● SOURCE MATERIAL:
=======

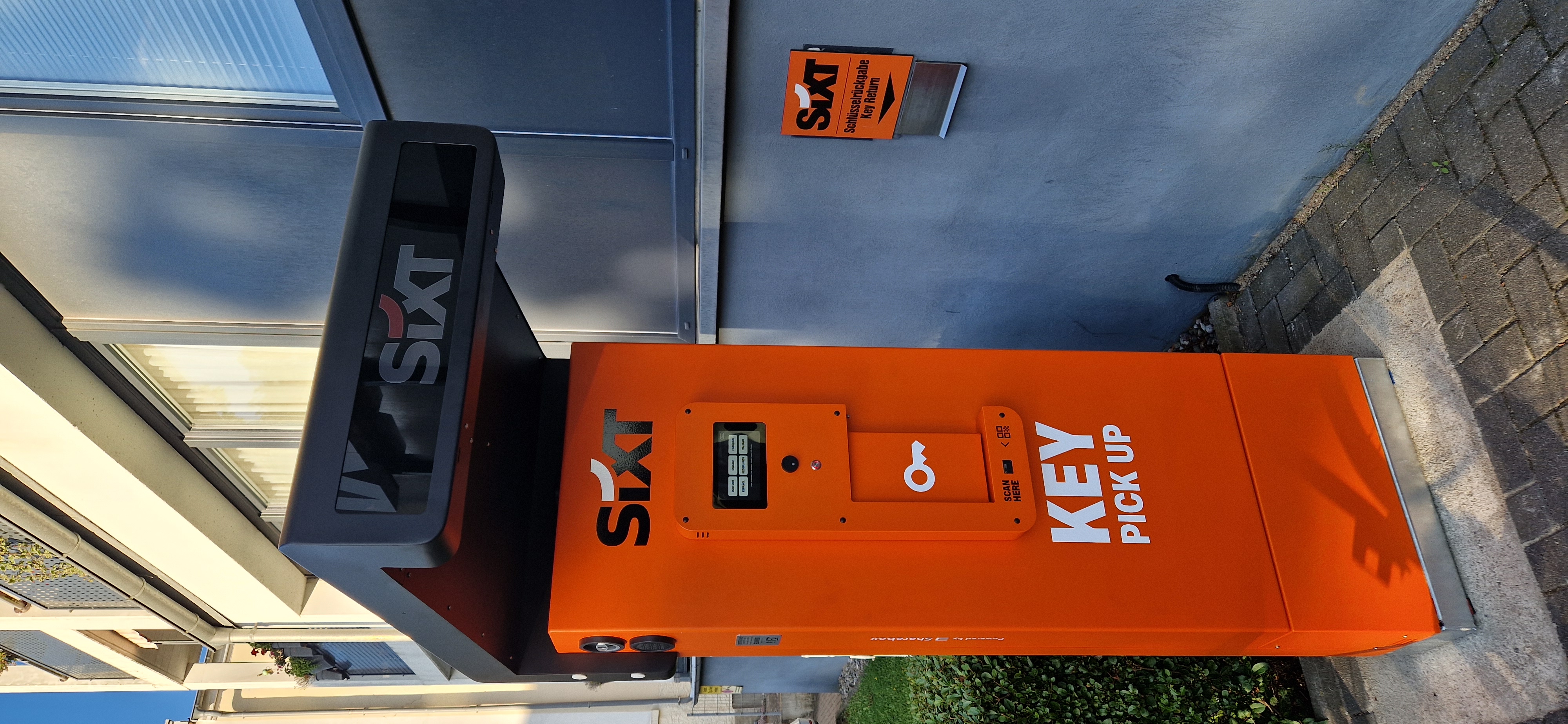 Bild 2 SIXT Autovermietung Rostock Hauptbahnhof in Rostock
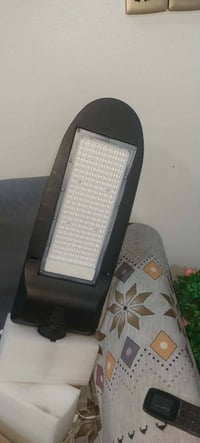 بروجكتورات • ٤ قطع • بعقوبه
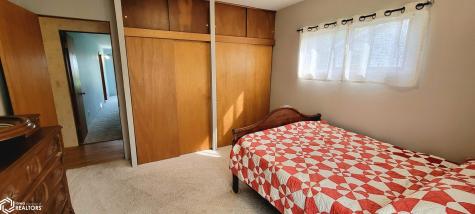 1318 Sunset Drive Hampton IA 50441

=======

● TASK ITEM: Leave out the pictures and output the rest of the material exactly as written.

● TASK RESPONSE:
 Bild 2 SIXT Autovermietung Rostock Hauptbahnhof in Rostock
 بروجكتورات • ٤ قطع • بعقوبه
 1318 Sunset Drive Hampton IA 50441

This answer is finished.